# [TASK OBJECTIVE]
Print all the records below exactly as they stand, but leave out the pictures.
=== RECORDS FOR THE TASK ===
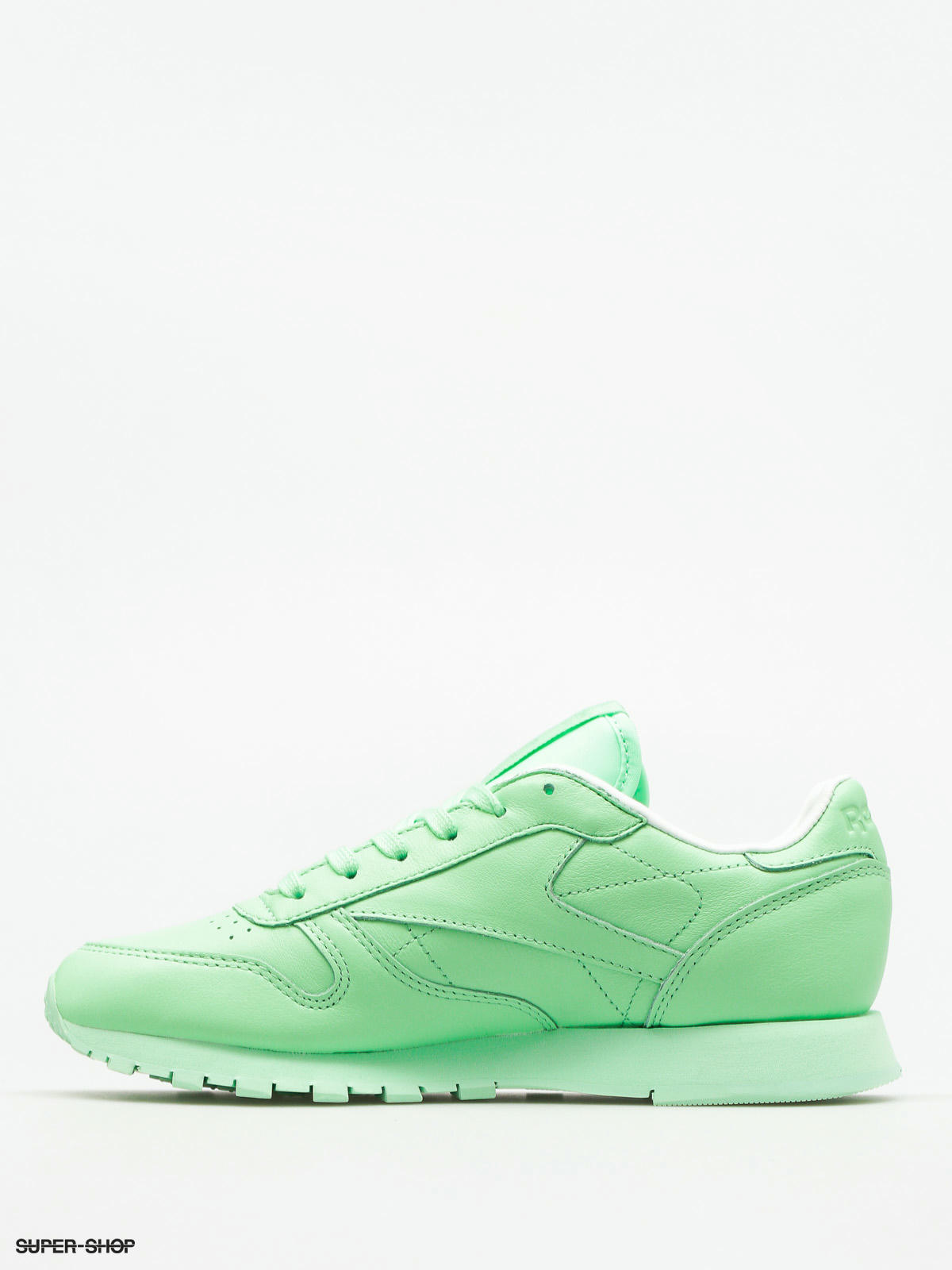 Mint green deals reebok classics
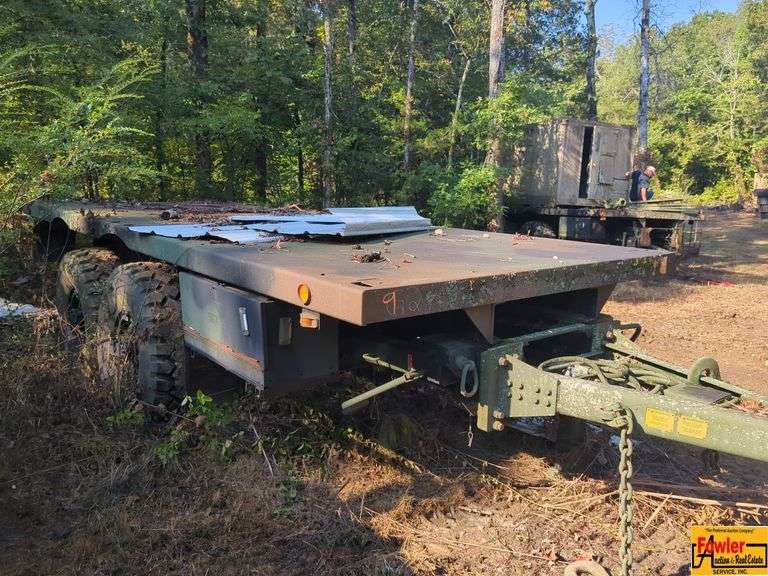 Oshkosh MK48-14 Flatbed Trailer - Works With Oshkosh MK-48 Military Camo 6x6 Cargo Truck image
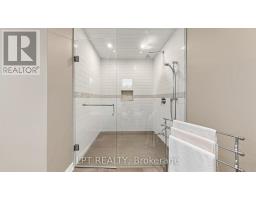 4204 Starlight Crescent, Mississauga, ON L4W4P9 Photo 28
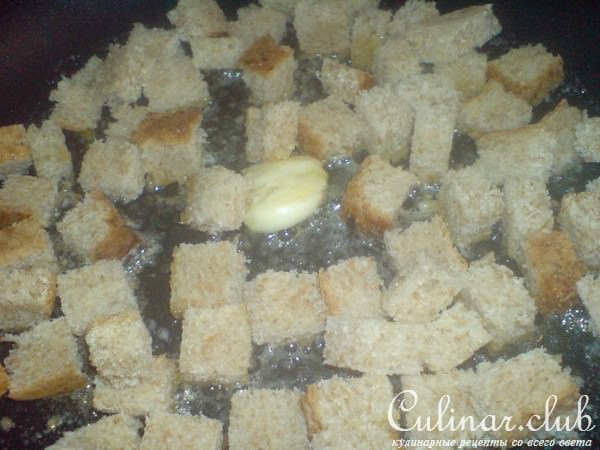 Форель речная,фаршированная крабиками,крутонами и помидорками-черри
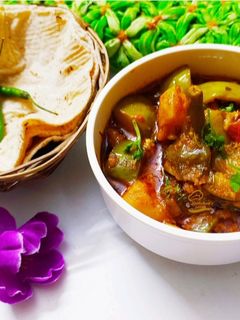 मोकळी वांग बटाटा भाजी (vanga batata bhaji recipe in marathi) रेसिपी चे मुख्य फोटो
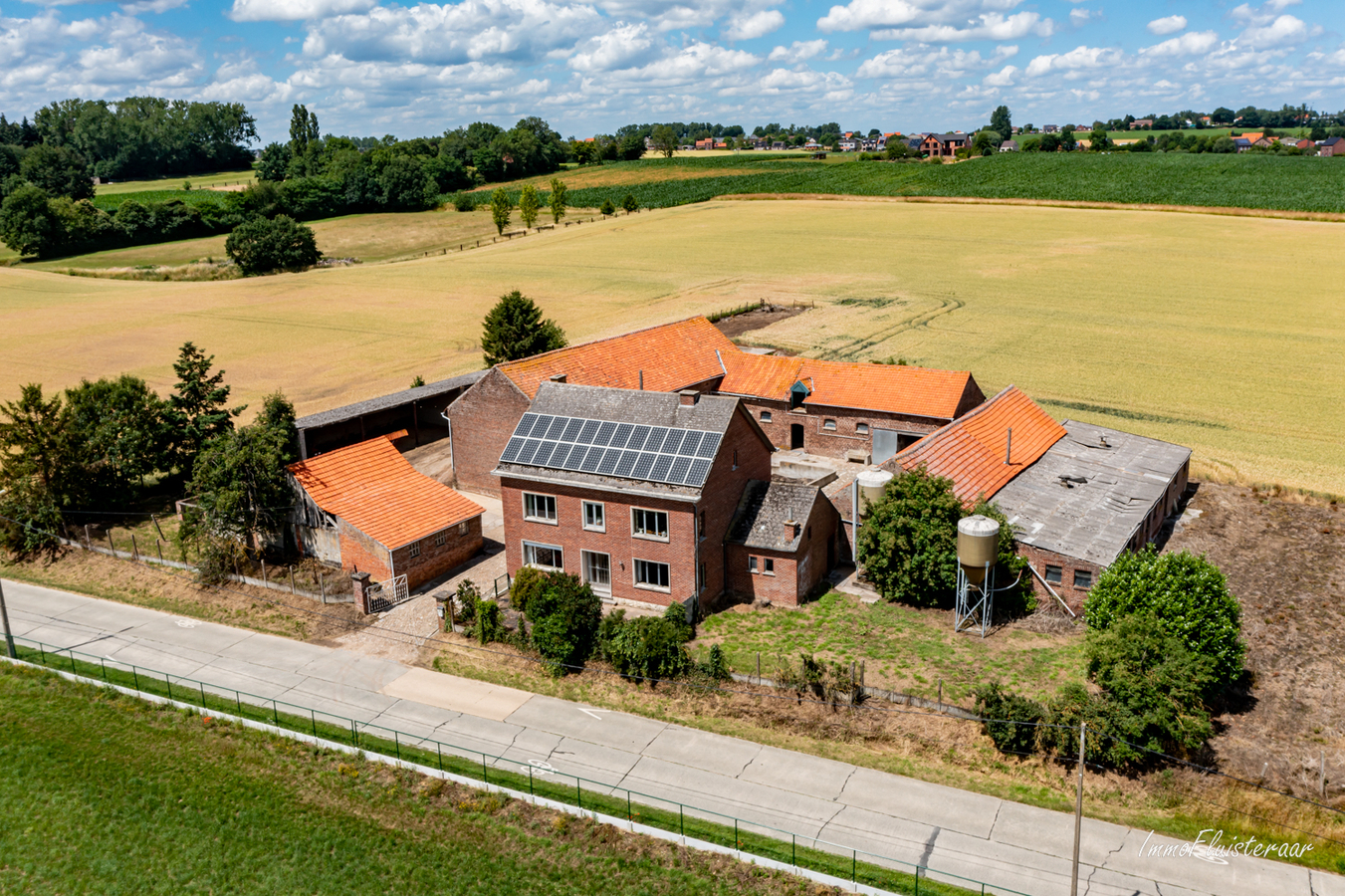 Landelijk gelegen vierkantshoeve op ca. 1ha (uitbreiding met ca. 6ha mogelijk) te Binkom (Lubbeek/Vlaams-Brabant) 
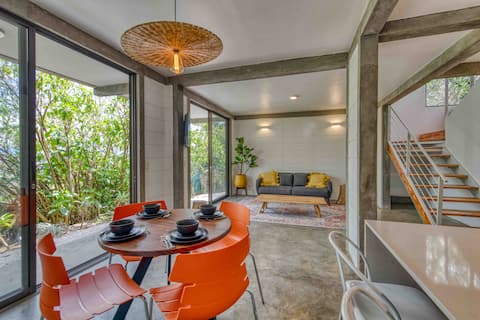 MountainView Modern Comfy fully equipped home2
===
# [THE COMPLETED TASK]
 Mint green deals reebok classics
 Oshkosh MK48-14 Flatbed Trailer - Works With Oshkosh MK-48 Military Camo 6x6 Cargo Truck image
 4204 Starlight Crescent, Mississauga, ON L4W4P9 Photo 28
 Форель речная,фаршированная крабиками,крутонами и помидорками-черри
 मोकळी वांग बटाटा भाजी (vanga batata bhaji recipe in marathi) रेसिपी चे मुख्य फोटो
 Landelijk gelegen vierkantshoeve op ca. 1ha (uitbreiding met ca. 6ha mogelijk) te Binkom (Lubbeek/Vlaams-Brabant) 
 MountainView Modern Comfy fully equipped home2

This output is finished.